Kelley Blue Book ® - 2002 Daewoo Lanos Overview

Vehicle Overview from Kelley Blue Book

KBB.com 2002 Daewoo Lanos Overview

Body

An Economy Car Worth Not Overlooking

The Koreans are quickly gaining a reputation for producing reliable, well-built little cars with low sticker prices and a high content value. In a world where $18K price tags are considered "entry level" by some manufacture's, the Daewoo Lanos is a perfect example of how to have your cake and eat it too! Available as either a 4-door sedan or 3-door hatchback, the Lanos' most eye-catching feature is its base price that begins below $10K.

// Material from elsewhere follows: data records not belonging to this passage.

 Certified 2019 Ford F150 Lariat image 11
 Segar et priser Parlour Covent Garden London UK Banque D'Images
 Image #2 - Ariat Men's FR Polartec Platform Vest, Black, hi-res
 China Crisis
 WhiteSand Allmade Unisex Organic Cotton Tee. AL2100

The compact Lanos is sized to compete with cars like the Hyundai Accent and Suzuki Esteem. It can rival (and in some cases even beat) its competition in the area of interior headroom, legroom and shoulder room. The Lanos does pull up a bit short when it comes to its trunk volume, but that's only on the sedan; the large rear hatch on the 3-door model coupled with its folding rear seats provide ample storage space, so long as you don't have to include two additional persons in the back seat. The Lanos' seats are also full of pleasant surprises, with a level of contour and comfort not usually found in this price range. You may find the dash design is a bit on the generic side, but then again, this is an economy car and the dash is functional and easy to read.

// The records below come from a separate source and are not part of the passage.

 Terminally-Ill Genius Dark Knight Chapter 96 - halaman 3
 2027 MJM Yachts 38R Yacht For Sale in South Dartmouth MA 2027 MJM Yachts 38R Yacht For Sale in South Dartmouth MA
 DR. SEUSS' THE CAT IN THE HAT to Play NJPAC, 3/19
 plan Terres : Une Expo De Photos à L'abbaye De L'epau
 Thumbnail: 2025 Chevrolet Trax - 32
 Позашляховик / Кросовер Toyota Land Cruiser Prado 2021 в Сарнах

If you have an extra couple of grand to spend, you should consider the Lanos Sport, which is available only as a hatchback. This package adds a host of standard features including air conditioning, power steering, rear defroster, dual-remote power mirrors, three-in-one AM/FM cassette CD stereo, leather seats, leather steering wheel, 14-inch alloy wheels, power windows and power door locks. That's a lot of content for under $14K and the cute little hatchback has a certain charm all its own. It's the perfect vehicle for college kids, first-time car buyers and people looking for a fuel-efficient second car.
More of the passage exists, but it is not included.